Monoclonal antibodies were raised against Daudi B-lymphoblastoid cell line membranes. An mAb (BAT) was selected for its ability to stimulate human and murine lymphocyte proliferation. BAT induced cytotoxicity in human and murine lymphocytes against natural killer cell-sensitive and -resistant tumor cell lines. A single intravenous administration of BAT to mice that had been inoculated with various murine tumors (e.g., B16 melanoma, 3LL carcinoma, and methylcholanthrene fibrosarcoma) resulted in striking antitumor effects as manifested by complete tumor regression and prolonged survival of the treated mice. BAT exhibited a diminished but significant antitumor effect in athymic nude mice, which are deficient in T lymphocytes, and in beige mice, which are deficient in NK cells. Furthermore, selective depletion of T or NK cells in mice reduced the response to the antitumor effect of BAT. These data indicate a dual role for T and NK cells in mediating the antitumor activity of BAT. We report here on the antitumor activity of BAT mAb on human tumor xenografts in mice. BAT demonstrated an antitumor effect in nude mice bearing human colon carcinoma (HT29) xenografts. It failed, however, to inhibit established lung metastases in severe combined immunodeficient (SCID) mice that had been inoculated (i.v.) with SK28 human melanoma. Engraftment of human lymphocytes into SCID mice bearing human melanoma xenografts rendered them responsive to the antitumor effect of BAT. The efficacy of BAT in the regression of human tumors by activation of human lymphocytes indicates its potential clinical use.

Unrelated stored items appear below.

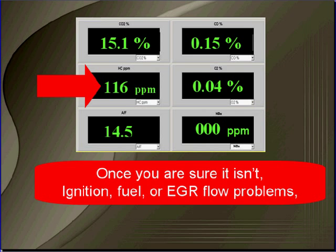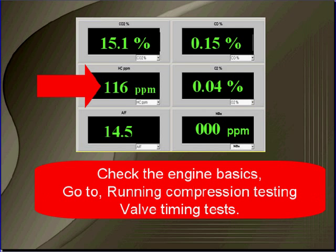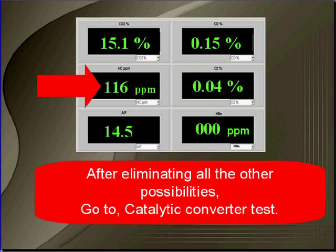Once you're sure it is an ignition, fuel, or EGR problem, check the engine basics. Go to engine running compression testing and go to valve timing test. After eliminating all other possibilities, go to catalytic converter test.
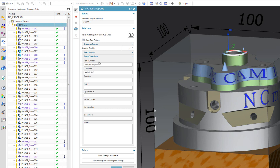For instance, part number, customer, fixture offset number and instructions where it is located, and additional notes.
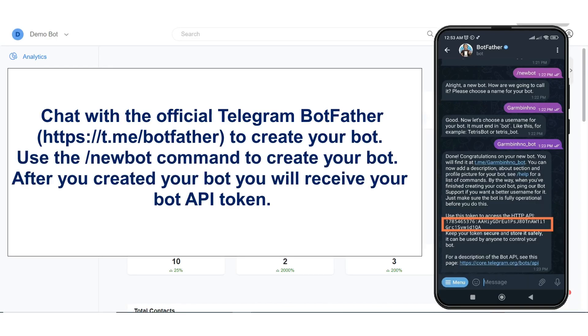You will need to chat with the official Telegram BotFather to create your bot. Use the new bot command to create your bot.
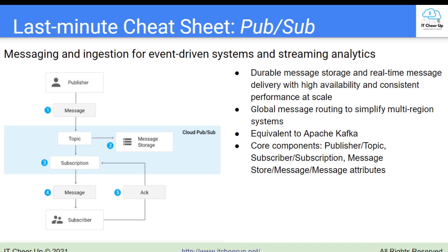Before we go through PubSub's message flow diagram to understand how PubSub works, let's take an overview. Google Cloud PubSub is a fully managed messaging service and ingestion for event-driven systems and streaming analytics. It offers durable message storage and real-time message delivery with high availability and consistent performance at scale. PubSub provides global messaging routing to simplify multi-region systems.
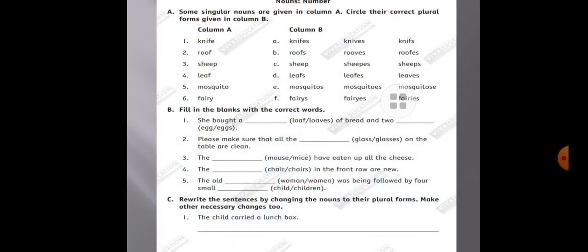Now children, here is a worksheet. In question A, some singular nouns are given in column A — circle their correct plural forms given in column B. For example, knife — you circle KNIVES as the correct plural form. Question B is fill in the blanks with the correct words. Question C asks you to rewrite sentences by changing nouns to their plural form and make other necessary changes, like 'the child carried a lunch box' becomes 'the children carried lunch boxes' — remove 'a' and change child to children.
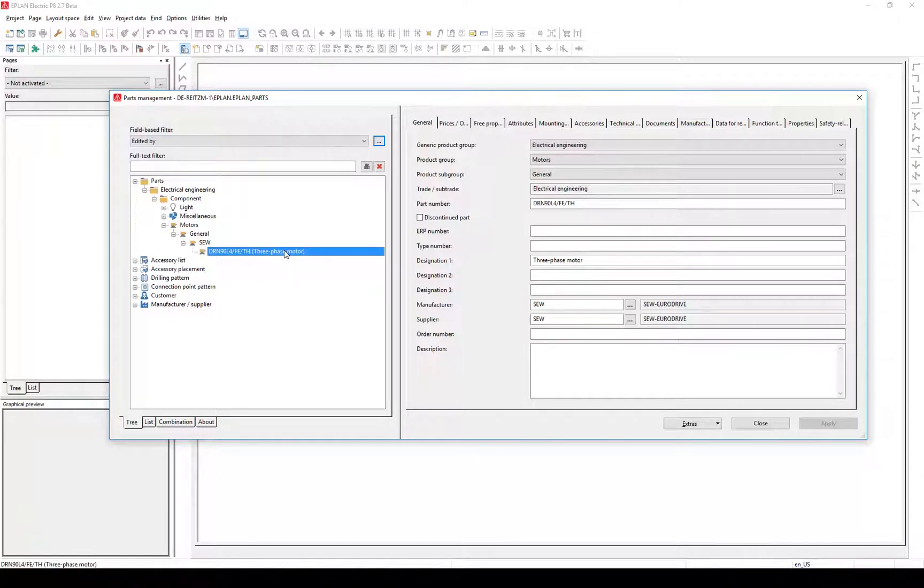Since version 2.7, we can configure the representation of the view of the tree and display several properties. Let's add the last modification date directly behind the description.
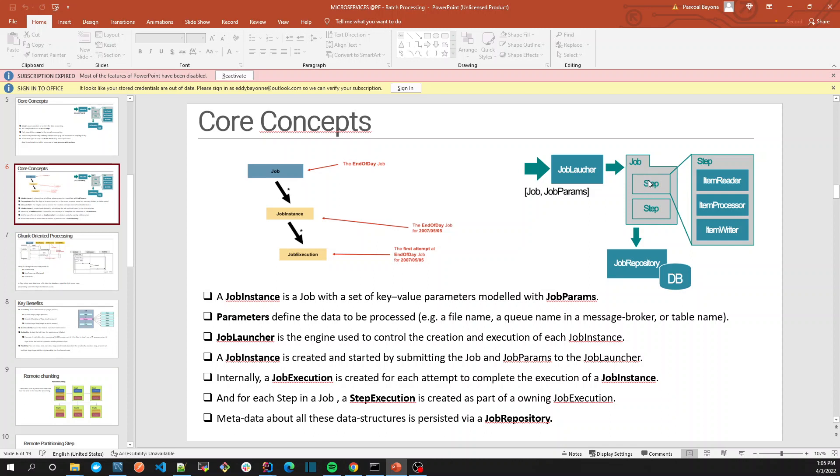Then a job has one or more steps. What is a step? A step can be like getting some lines from a file and saving it into a database. As I said, a job can have one or more steps, and the step can have a reader, processor (which is optional), and a writer.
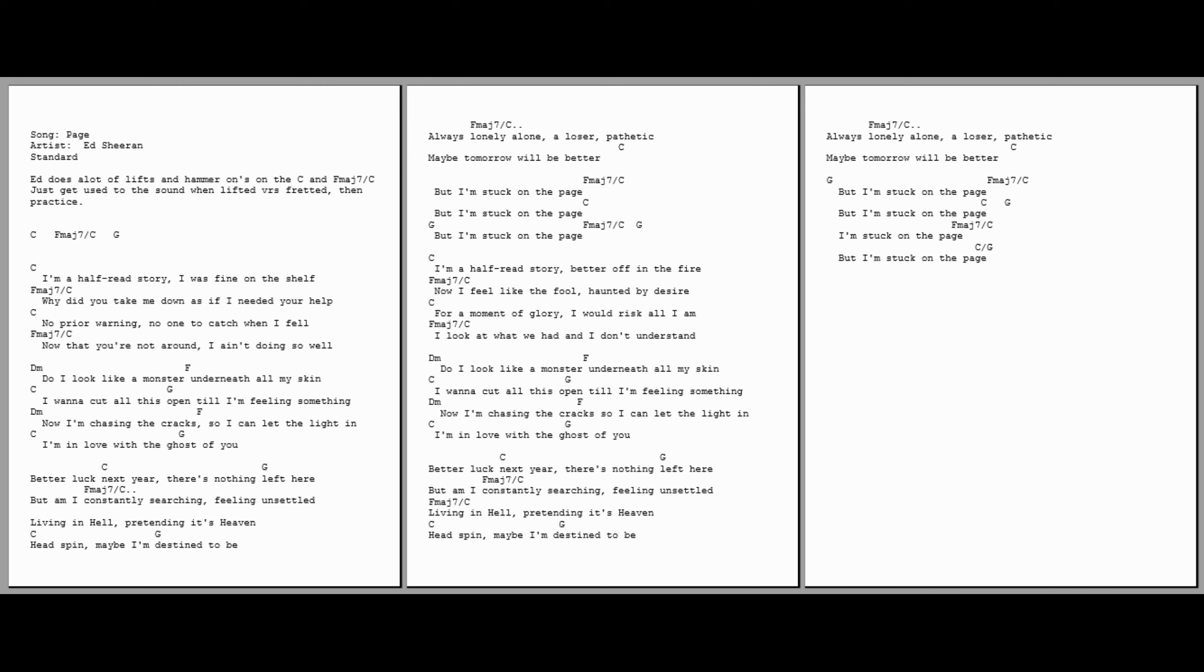I look at what we have, and I don't understand. Do I look like a monster, underneath all my skin? I wanna cut all this open, till I'm feeling something. Now I'm tracing the cracks.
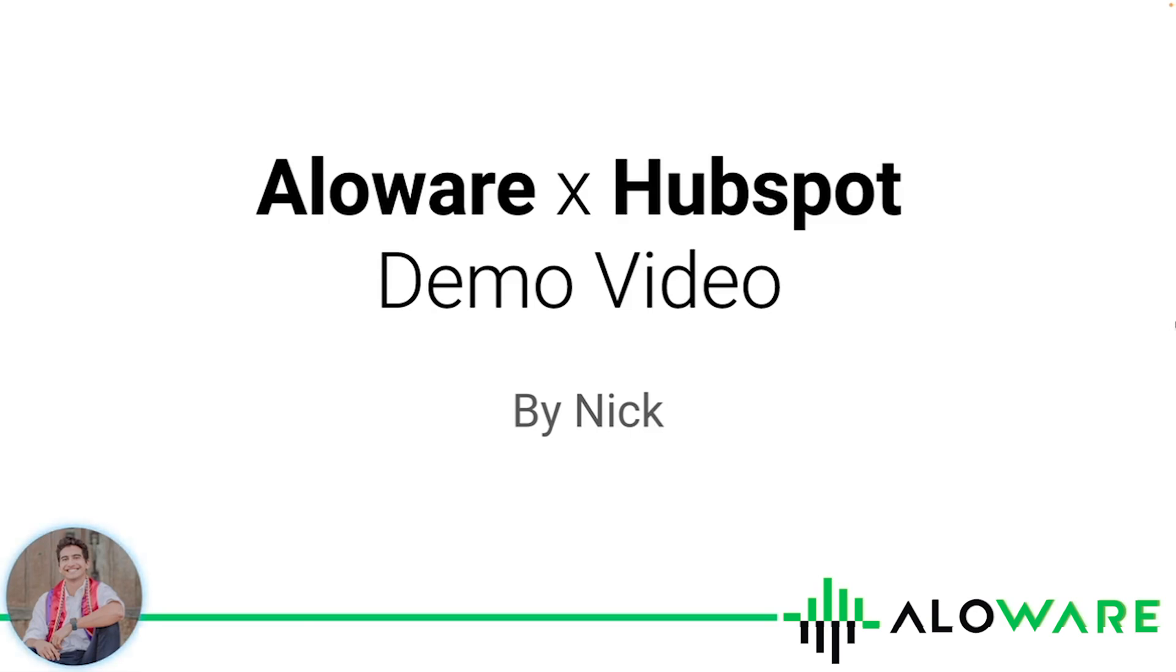I hope you found this demo video helpful. For more information, please visit us at www.alloware.com and keep an eye out for more demo videos coming your way.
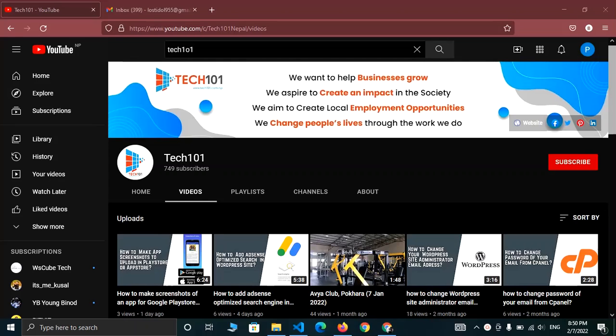Hi everyone, this is Vivek from Tech101. In this video, I am going to show you how you can invite collaborators in your GitHub repository.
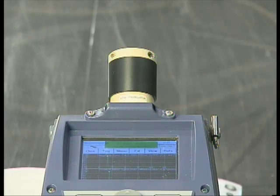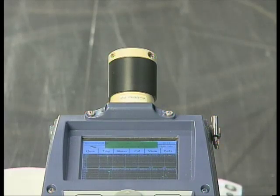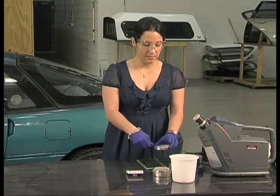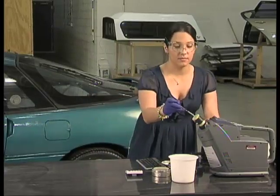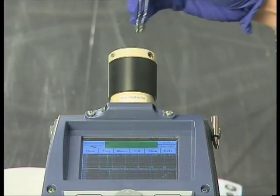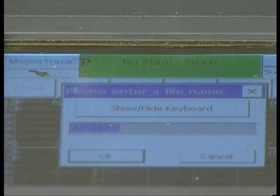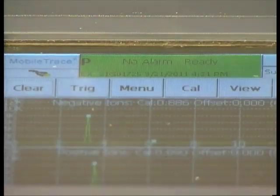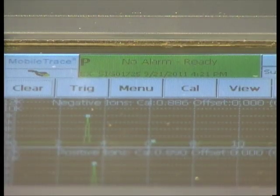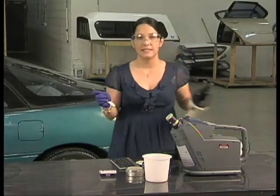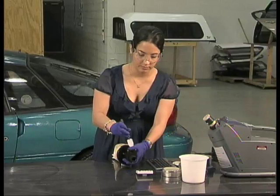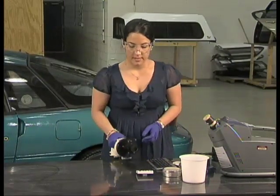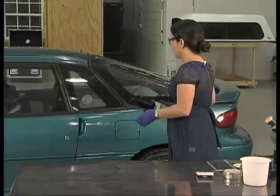Now we will perform a dynamic PSPME extraction on a hide placed in this car. The hide is an electrical box containing a heat-sealed bag with 50 grams of smokeless powder, and it has been in the car. We will take the PSPME device and introduce it into the instrument to obtain a blank sample. The no alarm ready sign indicates that the PSPME is blank. We will remove it from the desorber and place it into our air sampler.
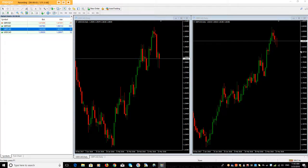Good day guys, Marlon Hamilton here again with another video. One of my students asked the question: how to trade if both markets are positively correlated.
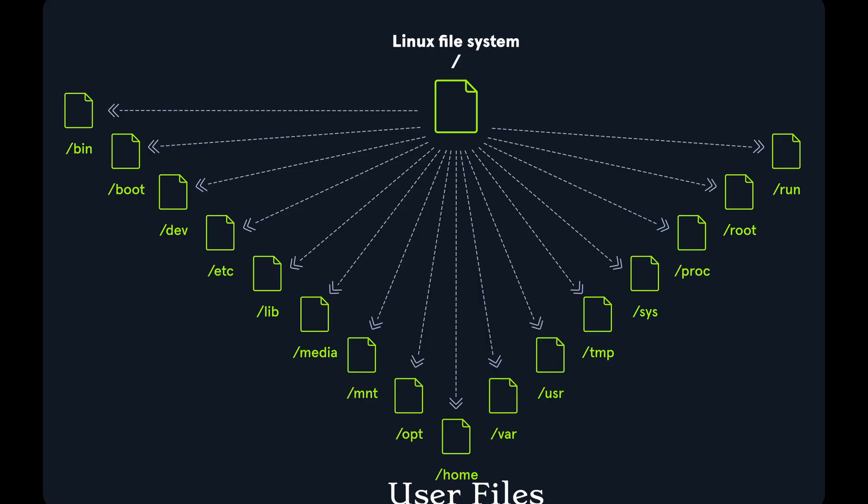The question of why can a typical Linux user get away with not running AV while a Windows user can't boils down to really a few core differences in how the operating systems are designed. On Linux, users and system files, they're strictly separated. This is how the system is designed by default from the moment you install it.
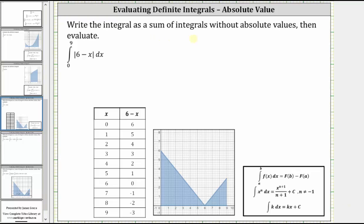We're asked to write the integral as a sum of integrals without absolute values and then evaluate. We are given the integral from zero to nine of the absolute value of six minus x. I've graphed the integrand function below over the closed interval from zero to nine.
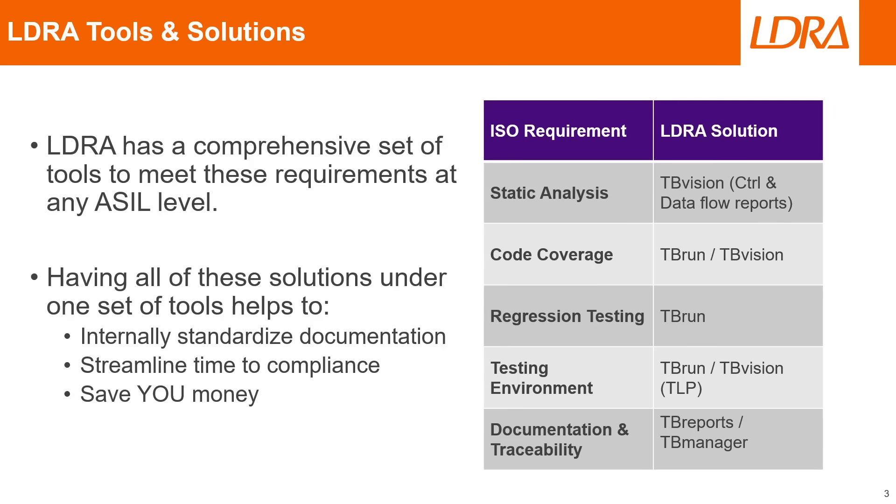If we take a look at the different LDRA tools and solutions available in the LDRA automotive productivity package, we can see that LDRA actually has a comprehensive set of tools to meet any of these requirements at any ASIL level. Having all of these solutions under one set of tools, under one tool suite, will help to internally standardize your documentation, making compliance easier.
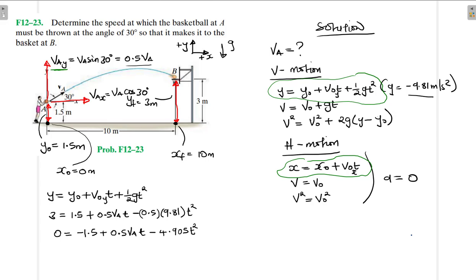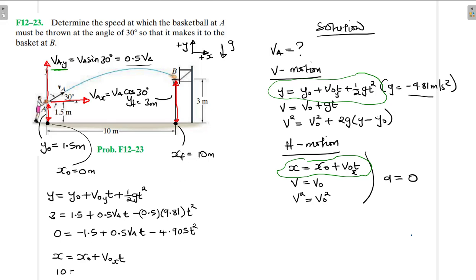Don't be too early in rounding off — round off the final answer. I've written this completely as 4.905·t squared. Now for the horizontal equation: x equals x-initial plus v-initial-x times t. x-final is 10, x-initial is 0, and v-initial-x is va·cos 30 times t. So: 10 equals va·cos 30 times t.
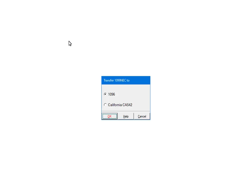Select 1096 and click OK. When the import is complete, click OK.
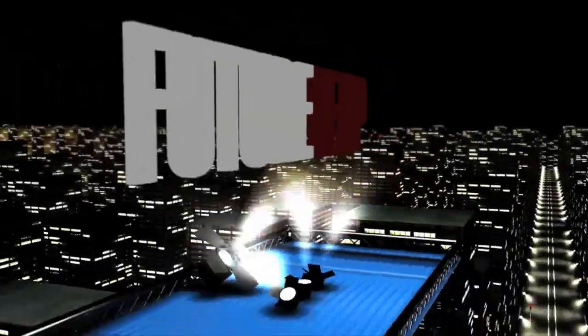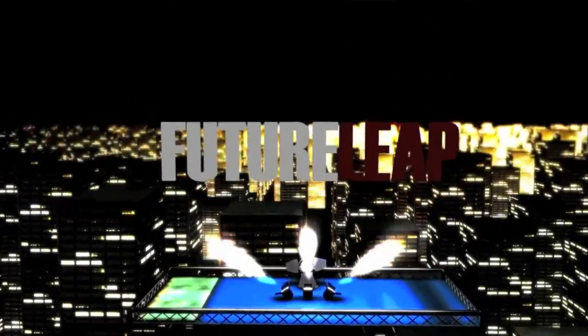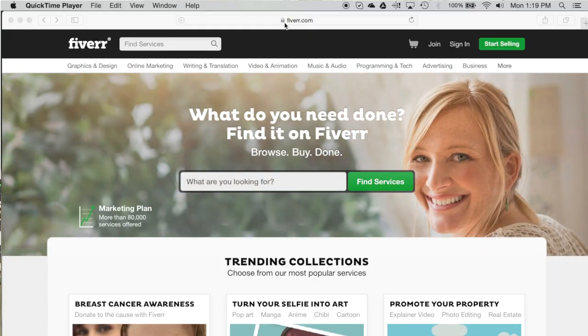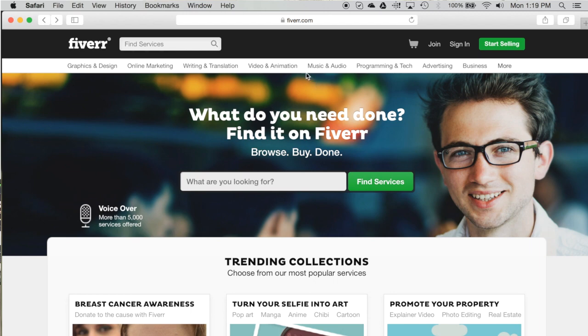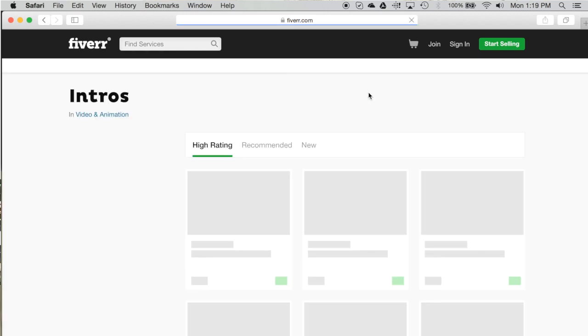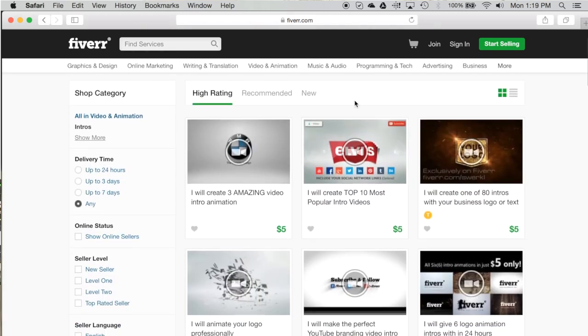Today I'm going to show you how to create a cinematic trailer opener for your film company that will only cost you about five dollars and doesn't require any expensive 3D typographic experience or software. All you have to do is go to a site called Fiverr.com, where you can browse thousands of pre-made typographic and 3D movie intros and title sequences for your film.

制备了针对Daudi B淋巴母细胞系细胞膜的单克隆抗体。选择了一种单克隆抗体(BAT),因其具有刺激人和鼠淋巴细胞增殖的能力。BAT可诱导人和鼠淋巴细胞对自然杀伤细胞敏感及耐药的肿瘤细胞系产生细胞毒性。对接种了各种鼠肿瘤(如B16黑色素瘤、3LL癌和甲基胆蒽纤维肉瘤)的小鼠单次静脉注射BAT,可产生显著的抗肿瘤作用,表现为肿瘤完全消退和治疗小鼠生存期延长。BAT在胸腺缺失的裸鼠(缺乏T淋巴细胞)和米色小鼠(缺乏NK细胞)中表现出减弱但显著的抗肿瘤作用。此外,选择性清除小鼠体内的T细胞或NK细胞会降低对BAT抗肿瘤作用的反应。这些数据表明T细胞和NK细胞在介导BAT的抗肿瘤活性中具有双重作用。我们在此报告BAT单克隆抗体对小鼠体内人肿瘤异种移植物的抗肿瘤活性。BAT对携带人结肠癌(HT29)异种移植物的裸鼠显示出抗肿瘤作用。然而,它未能抑制严重联合免疫缺陷(SCID)小鼠中已建立的肺转移,这些小鼠已静脉接种SK28人黑色素瘤。将人淋巴细胞植入携带人黑色素瘤异种移植物的SCID小鼠中,使其对BAT的抗肿瘤作用产生反应。BAT通过激活人淋巴细胞在消退人肿瘤方面的功效表明了其潜在的临床应用价值。